Gela – Non ci sta alla confisca di beni e si appella rincorrendo la possibile restituzione. Così per un “tesoro” di una quindicina di milioni di euro che nell’estate dello scorso anno è stato sequestrato. In particolare undici società e due ditte individuali a Gela, Roma, Milano, Brescia, Verona, Bergamo e Torino.
A subirlo è stato un professionista gelese, il trentatreenne Rosario Marchese – ritenuto dagli inquirenti in odor di mafia – finito al centro d’indagini legati a presunte truffe all’erario.
Quelle legate alle cosiddette false compensazioni fiscali. Secondo il teorema degli inquirenti il sistema sarebbe stato tutto sommato lineare, ma particolarmente lucroso.
Sì, perché tutto si sarebbe incentrato su investimenti, per l’accusa in realtà fantasma, in aree svantaggiate.
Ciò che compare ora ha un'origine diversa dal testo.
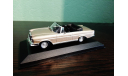 Mercedes-Benz 280 SE 3.5 (W111) cabrio 1970, масштабная модель, Minichamps, scale43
E molte aziende del nord Italia, con questo sistema, avrebbero smagrito i loro conti così da godere di sgravi fiscali di cui, in realtà, non avrebbero avuto diritto.
Dietro tutto questo impianto, secondo la tesi dei magistrati, vi sarebbe stato l’investimento di capitali sporchi legati ad affari illeciti delle cosche. Del clan Rinzivillo in particolare. Questo avrebbe consentito a Marchese – è la tesi accusatoria – di accumulare un patrimonio più che sospetto. Perché sarebbe stato ben oltre le risorse reddituali dello stesso professionista.
La richiesta di cancellare la misura patrimoniale confermata dal tribunale passerà, adesso, al vaglio della corte d’Appello.